Occupancy Prediction for Building Energy Systems with Latent Force Models
Thore Wietzke, Jan Gall, Knut Graichen
TL;DR
This work tackles occupancy-driven energy optimization in building energy systems by modeling occupancy as a latent disturbance with Gaussian Processes and embedding it in a Latent Force Model. The GP is converted to a state-space form, enabling Kalman-filter-based estimation and forecasting that feed an MPC controlling building energy use. The approach is validated on EnergyPlus and a Bosch Renningen campus dataset, showing energy reductions (up to ~14% with Pre-Comfort modes) and improved or comparable thermal comfort relative to occupancy-aware baselines, with zone-dependent variations.
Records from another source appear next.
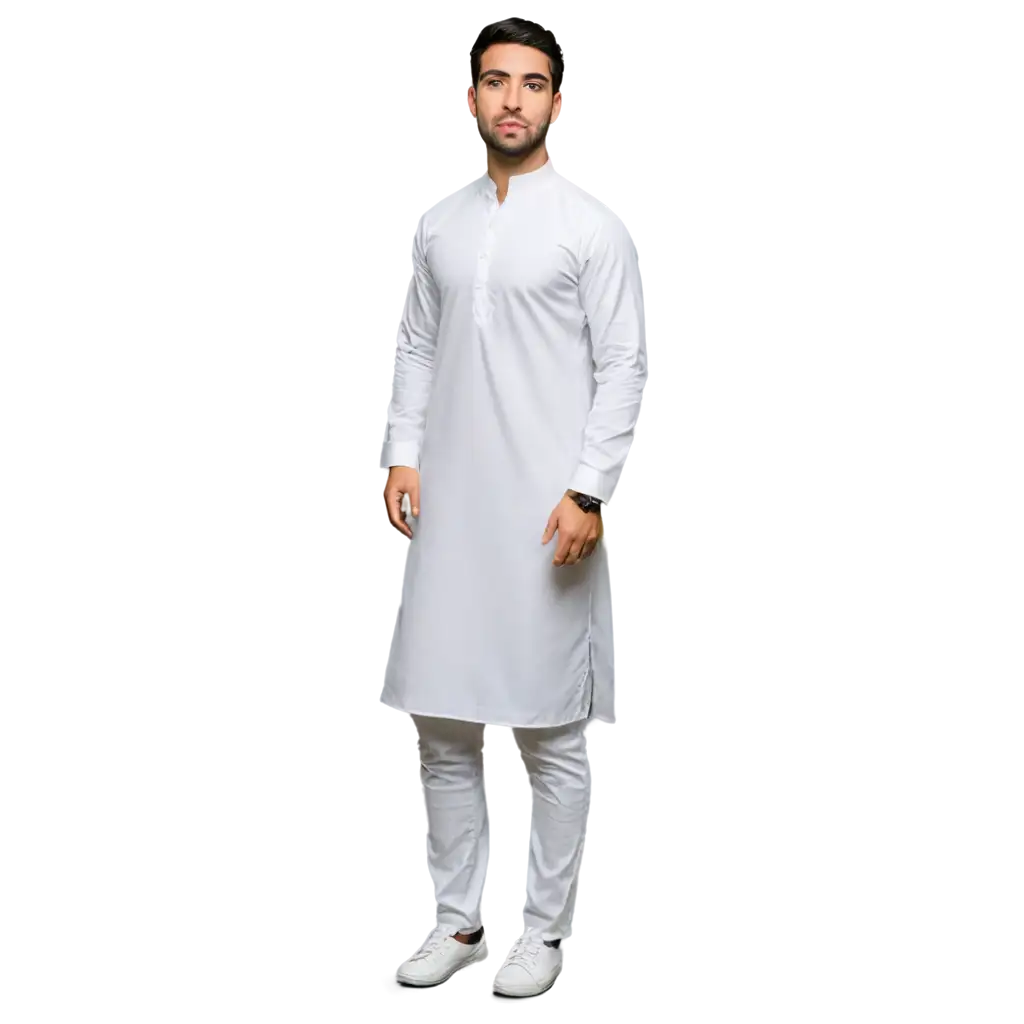 HighQuality-PNG-of-a-Model-in-White-Shalwar-Kameez-Perfect-for-Fashion-and-Cultural-Design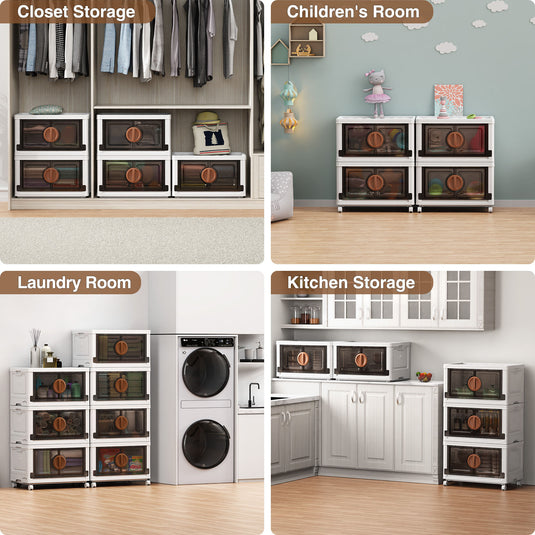 V9 112Gal Potato And Onion Storage Cabinets Bin with Wheel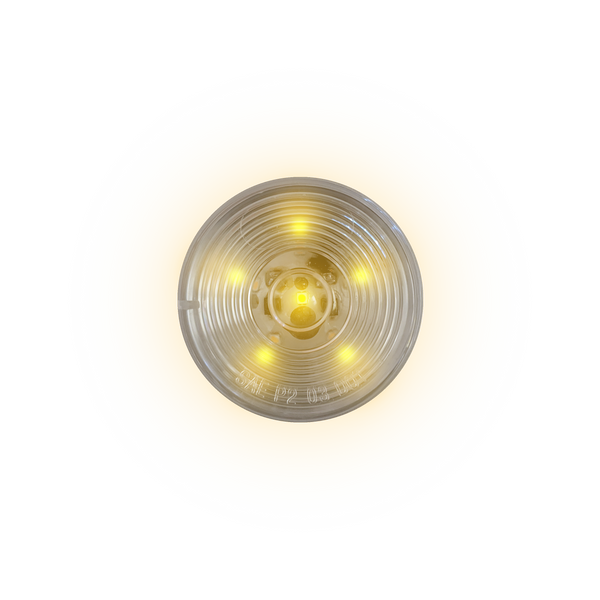 Uni-Bond Lighting LED 2" Round Marker Clear Lens Lamp Amber 6Diodes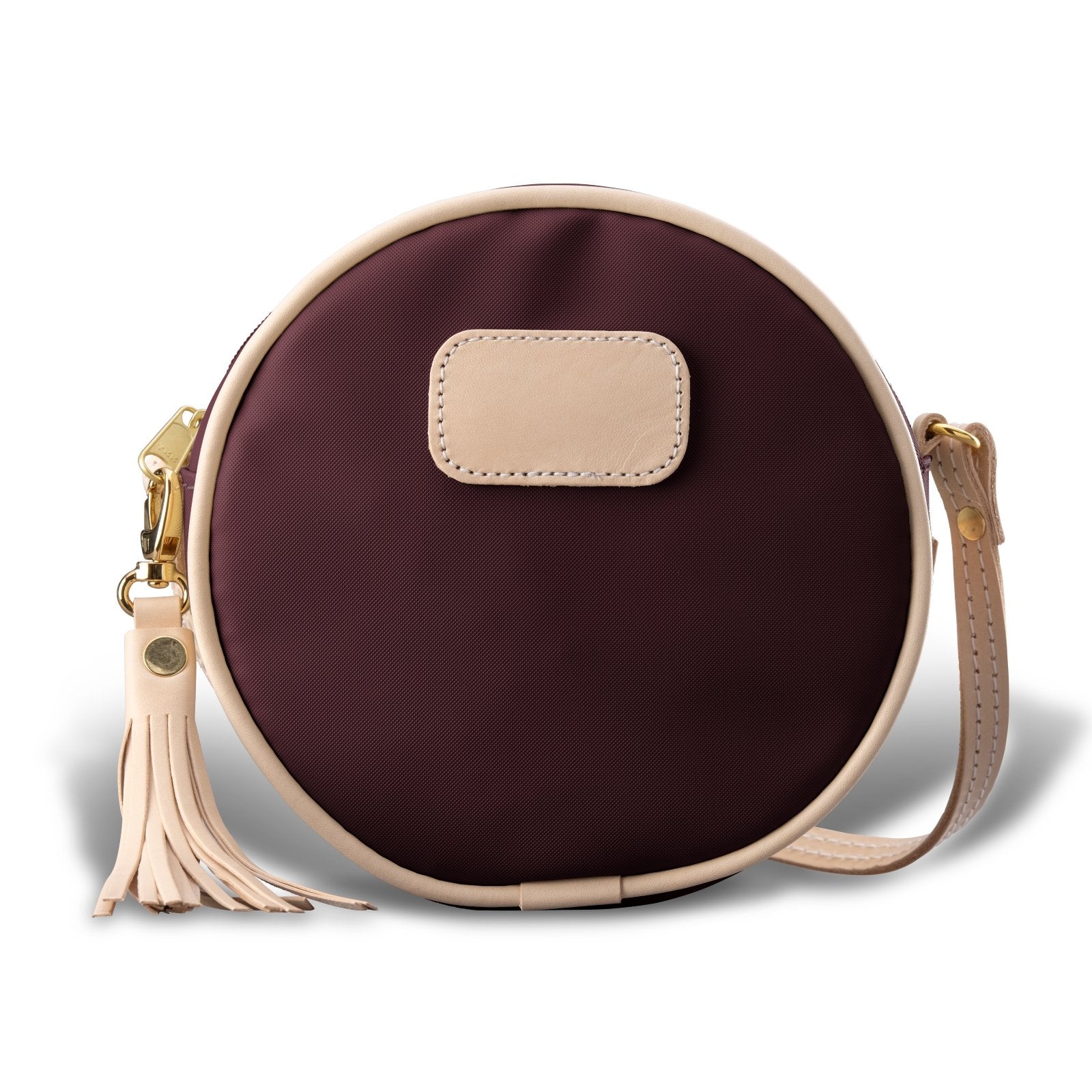 Luna (Order in any color!) Crossbodies Jon Hart Burgundy Coated Canvas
The results demonstrate the practical potential of LFM-MPC to leverage occupancy patterns for more efficient, comfortable operation in real and simulated BES, while highlighting challenges in irregular occupancy zones and the need for kernel/adaptation strategies. Overall, the work advances occupancy-aware MPC by combining data-driven learning with mechanistic dynamics in a scalable state-space framework.
Abstract
This paper presents a new approach to predict the occupancy for building energy systems (BES). A Gaussian Process (GP) is used to model the occupancy and is represented as a state space model that is equivalent to the full GP if Kalman filtering and smoothing is used. The combination of GPs and mechanistic models is called Latent Force Model (LFM). An LFM-based model predictive control (MPC) concept for BES is presented that benefits from the extrapolation capability of mechanistic models and the learning ability of GPs to predict the occupancy within the building. Simulations with EnergyPlus and a comparison with real-world data from the Bosch Research Campus in Renningen show that a reduced energy demand and thermal discomfort can be obtained with the LFM-based MPC scheme by accounting for the predicted stochastic occupancy.